Citigroup's image was battered by more than $29 billion of losses during the past two calendar years tied in part to subprime mortgages and a U.S. bailout that included $45 billion of taxpayer money. On top of that, the retail bank ranked last or second-to-last on customer service in three of the five regions in which it operates, according to a survey in January and February by marketing consultant J.D. Power & Associates.

"They're digging their way out of a hole," said Jack Trout, president of the Trout & Partners Ltd. marketing strategy firm in Old Greenwich, Connecticut. "I would say you might call it progress, but it's very slow progress and they have a long way to go."

Contents of Medina-Mora's October memo were confirmed by Natalie Riper, a spokeswoman for New York-based Citigroup, which is 12% owned by the U.S. government.

Medina-Mora, 60, appointed in January to shake up the North American consumer unit, told 9,000 employees to undergo training and in June unveiled a U.S. ad campaign called "Stories."

'Just One Measure'

The North American consumer unit's income fell 67% to $231 million during this year's first nine months, according to Citigroup, the third-biggest U.S. bank by assets.

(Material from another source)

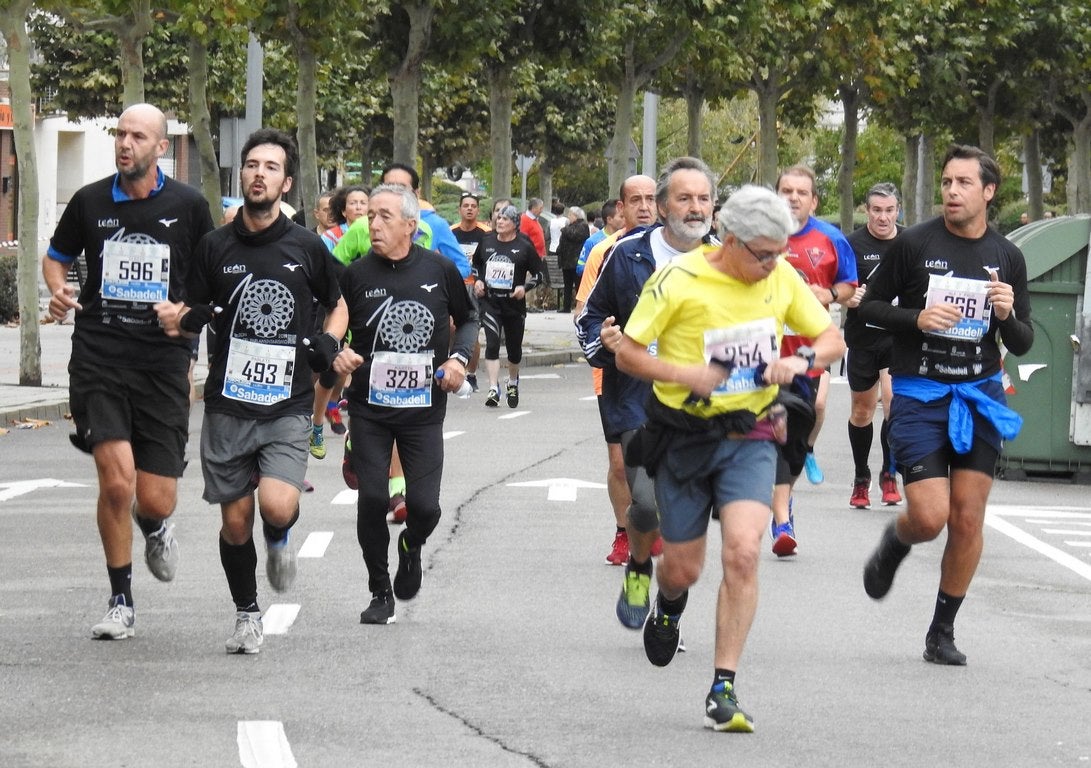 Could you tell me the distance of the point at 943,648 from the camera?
802 centimetres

The lender had 1,000 branches and $144.9 billion of deposits in the North American regional consumer banking unit at the end of September.

Citigroup recognizes that its net promoter score "is just one measure," Riper said in an e-mailed statement. "We still take very seriously external customer surveys including J.D. Power, where we know we have a long way to go."

The score is a "loyalty metric" that evaluates a company's growth prospects by asking customers whether they would recommend it to their friends and family, according to netpromoter.com, which is maintained by San Mateo, California- based Satmetrix.